T. G. MacKenzie

Getting kidnapped by Mexican rebels and being held hostage for three months might convince a person to return to the safety and calm of Nova Scotia, but not T. G. MacKenzie.

Thomas George MacKenzie was born in 1882 in River John, Pictou County. He was educated at Dalhousie University and became a mining engineer.

MacKenzie worked at the Nova Scotia Coal and Steel Company’s Wabana iron mine on Bell Island, Newfoundland, from 1906 to 1910 (https://notyourgrandfathersmining.ca/trenton-steel).

The Wabana mine supplied iron for the steel mills in Sydney and Sydney Mines and was opened and operated by Nova Scotian Robert E. Chambers (https://notyourgrandfathersmining.ca/robert-e-chambers).

Steel is mainly iron and carbon, and the carbon is derived from metallurgical coal, which contains more carbon, less ash and less moisture than thermal coal. Nova Scotia’s long history of steelmaking was based on the province’s extensive metallurgical coal deposits and iron from Nova Scotia and, later, Newfoundland.

After leaving the Wabana mine, MacKenzie served as general manager of North Atlantic Collieries Ltd. in Cape Breton in 1910-11.

His career then took him to Mexico where, from 1912 to 1929, he worked as an executive for various mining and power companies.

His time there overlapped the Mexican Revolution, which took place from 1910 to 1917 and ultimately led to the end of a 30-year dictatorship and the establishment of a constitutional republic.

Pancho Villa was one of the rebel army generals during the revolution. He became a bandit as a teenager after killing a man who was harassing one of his sisters. He fled into the mountains and lived there for years, working as a miner some of the time. In 1910 he joined Francisco Madero’s uprising against Mexican dictator Porfirio Díaz and became a military leader.

T. G. MacKenzie was friends with Pancho Villa, who sometimes visited the Boquilla hydroelectric plant, which MacKenzie managed.

Pancho was assassinated in 1923, three years after ending his revolt against the government. This triggered a new rebellion with Pancho’s brother, Hipolito Villa, leading the rebel army.

To survive, the rebels often resorted to robbery and kidnapping people to hold them for ransom.

In 1924, news of a train heist by the rebels reached T. G. MacKenzie in Jimenez, 15 miles away. Concerned about rebel activity in the area, MacKenzie took his family to a mining camp at Las Adargas for safety, but Hipolito and his men caught up with them there.

While the bandits raided the mine’s supplies, Hipolito and MacKenzie talked. The two got along well enough that MacKenzie asked for safe passage to get his family out of the area. Hipolito agreed and even drafted a letter instructing rebels to let MacKenzie pass unmolested. However, he then reneged – perhaps under pressure from another rebel leader who was present – and demanded that MacKenzie get $200,000 from his company to help support the revolution.

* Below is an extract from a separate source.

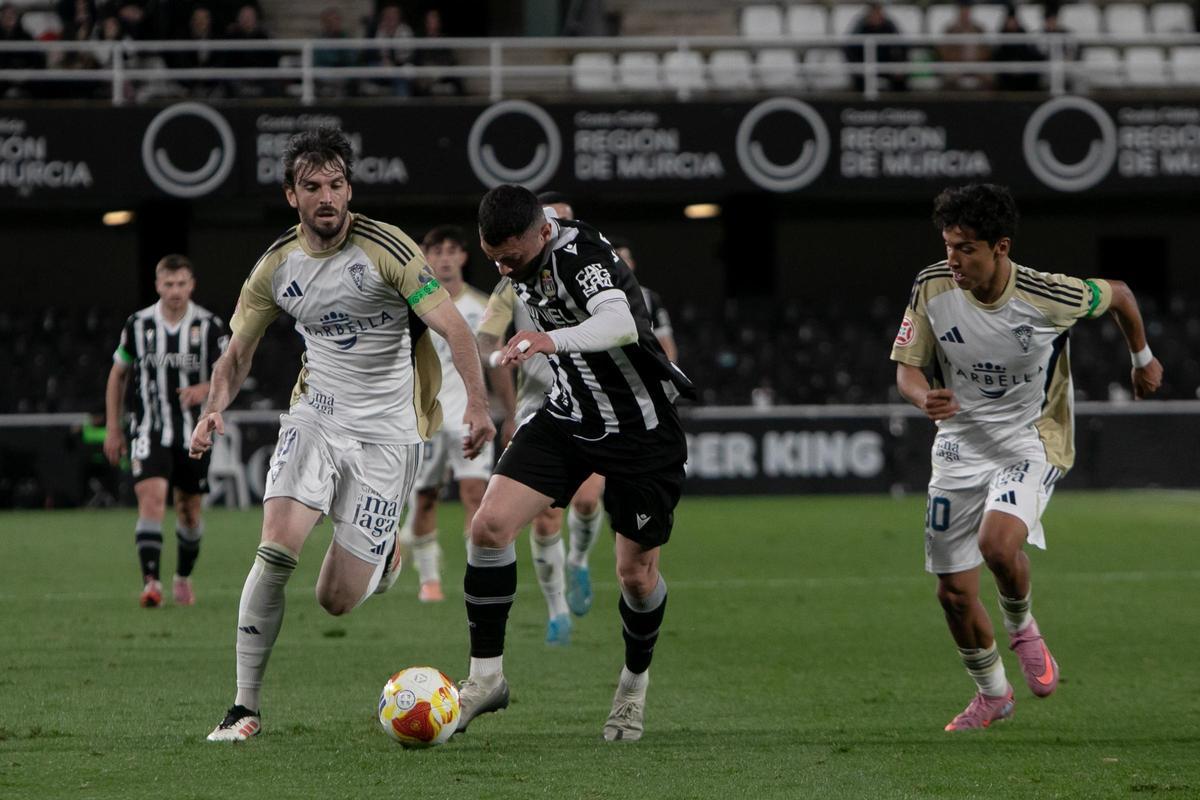 La victoria del FC Cartagena frente al Marbella, en imágenes La victoria del FC Cartagena frente al Marbella, en imágenes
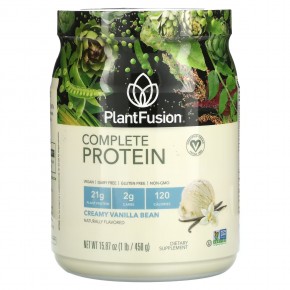 PlantFusion, Complete Protein, сливочные стручки ванили, 450 г (15,87 унции) - описание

MacKenzie refused and was taken hostage. His wife and children were allowed to go back to their home in Parral, in the state of Chihuahua.

MacKenzie was taken to the mountains and held for almost three months. It was blistering hot during the day and very cold at night. He and his captors often could not light fires for fear of being caught by Mexican soldiers. Food was in short supply. The group was constantly on the move and MacKenzie had to ride on what he later called “a shabby mount” and an uncomfortable homemade saddle.

His wife worked to get him released and even confronted Hipolito at his base. The Canadian and American governments held diplomatic talks with the Mexican government to try to get MacKenzie back.

In the end, MacKenzie saved himself by sneaking away from the bandits at dusk and making a run for it. He walked for days without eating but finally made it home, where his wife was waiting.

Instead of leaving Mexico after that harrowing experience, MacKenzie stayed for another five years. He then went to India and served as managing director of several hydro electric companies and chair of the board of the Cement Marketing Company of India. He later also worked in Brazil for several power companies.

MacKenzie eventually moved back home to Nova Scotia in 1952. He wrote two books, one about his time in Mexico and another about the MacKenzie family in River John.

T. G. MacKenzie passed away in Halifax in 1966.

Pancho Villa (just right of centre) and some of his soldiers.

T. G. MacKenzie (far right) and some of his captors.